Let me see if I can remember my spring breaks...

Year 1) Go back to my parent's house for a week because I can't afford to go anywhere.
Year 2) Go back to my parent's house for a week because I can't afford to go anywhere.
Year 3) I live in married housing now, so I stay there all week and just not going to class. But working extra hours so I'm not as poor.
Year 4) Go apartment hunting in Rochester for my new job that I'll be starting in a few months. Get stuck in a blizzard coming back and have to pull off the road and stay in a podunk town, where all the restaurants have closed.
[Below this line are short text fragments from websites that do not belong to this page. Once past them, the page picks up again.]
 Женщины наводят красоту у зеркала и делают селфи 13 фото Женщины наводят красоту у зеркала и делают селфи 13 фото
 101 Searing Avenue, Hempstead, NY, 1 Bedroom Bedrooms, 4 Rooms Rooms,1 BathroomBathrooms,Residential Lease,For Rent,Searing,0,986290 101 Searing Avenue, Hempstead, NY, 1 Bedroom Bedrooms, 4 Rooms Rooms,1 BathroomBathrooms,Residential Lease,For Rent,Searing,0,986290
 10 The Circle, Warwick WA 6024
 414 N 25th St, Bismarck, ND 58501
So no, not everyone spends it on the beach drinking.


----------



## MAGIK (Apr 5, 2009)

Bomber said:


> Is Spring Break really _that_ big in America? I know TV exaggerates a lot, but really?
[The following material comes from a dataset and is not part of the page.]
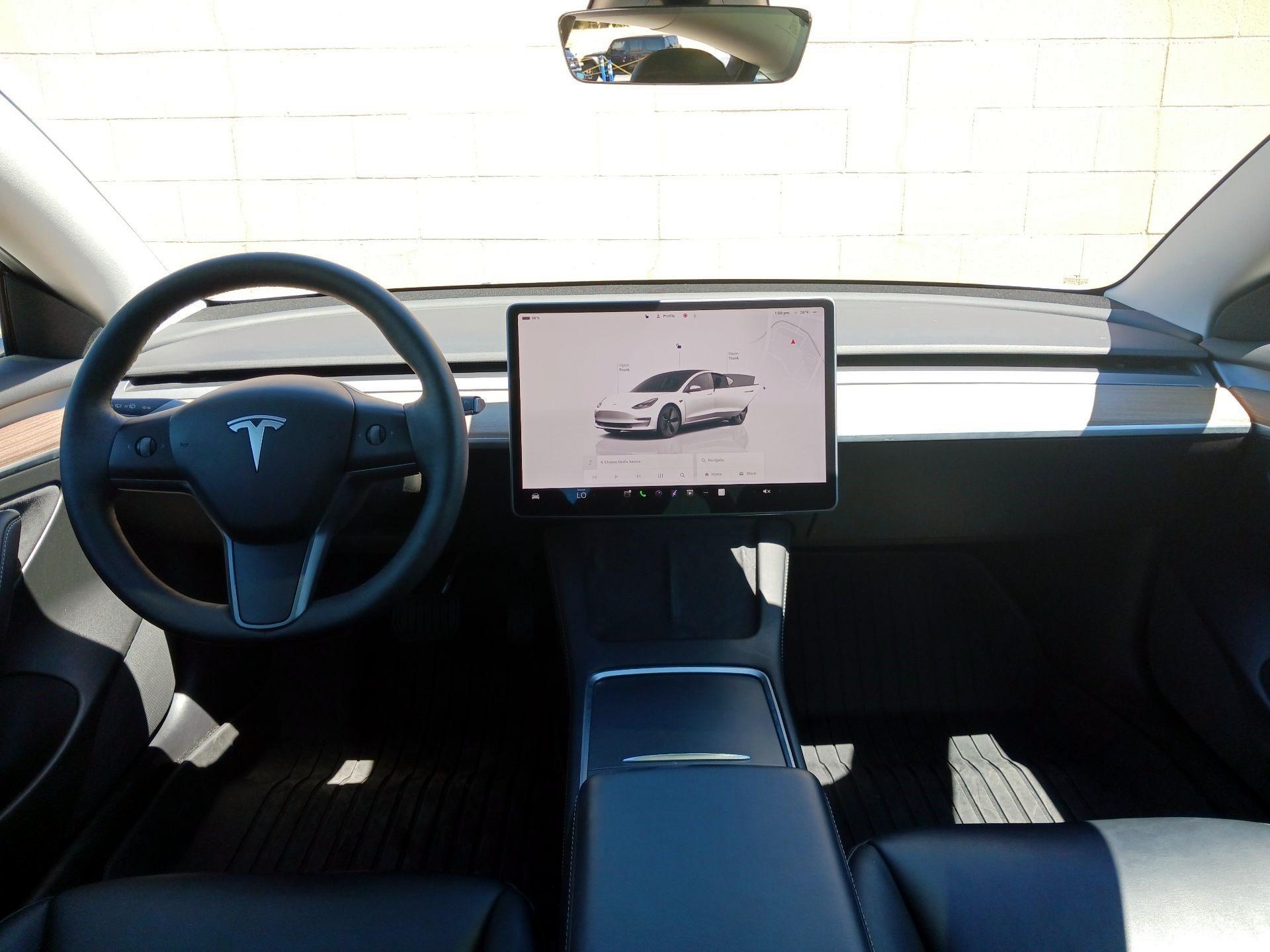 Thumbnail: 2022 Tesla Model 3 - 8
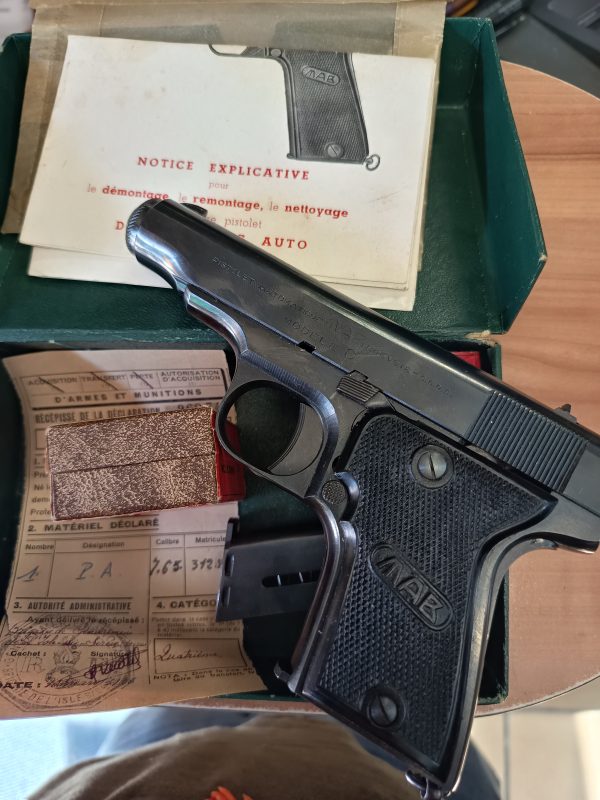 MAB C cal 7.65 browning (32acp)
maybe not for ppl like YOU who mite not have a life but for those of us that have girls and friends IT IS!!!


----------



## lalalala (Apr 5, 2009)

my spring break was a month ago. im have my easter break this week YAY


----------



## James Kobel (Apr 5, 2009)

MAGIK said:


> Bomber said:
> 
> 
> > Is Spring Break really _that_ big in America? I know TV exaggerates a lot, but really?
> ...



Neeeeeeeed...facepalm...noooooowww...*dies*


----------



## Chuberchuckee (Apr 5, 2009)

James Kobel said:


> MAGIK said:
> 
> 
> > Bomber said:
> ...


I shall save thee!


----------



## James Kobel (Apr 5, 2009)

Chuberchuckee said:


> James Kobel said:
> 
> 
> > MAGIK said:
> ...



I am reborn! Praise the Bob!


----------



## Ellis (Apr 5, 2009)

Vulosity said:


> Ellis said:
> 
> 
> > Vulosity said:
> ...



Yea but what I mean is... spring break would start when school ended on friday, right? Because you don't have to go to school again until spring break is over. The weekend is part of the break from school. This thread was started on friday, jcuber knows it was already spring break.

-ALSO can someone please answer why the default facepalms are always from star-trek? It just seems so random.


----------



## KubeKid73 (Apr 5, 2009)

Because:
1. Star Trek invented the facepalm
2. Star Trek ftw


----------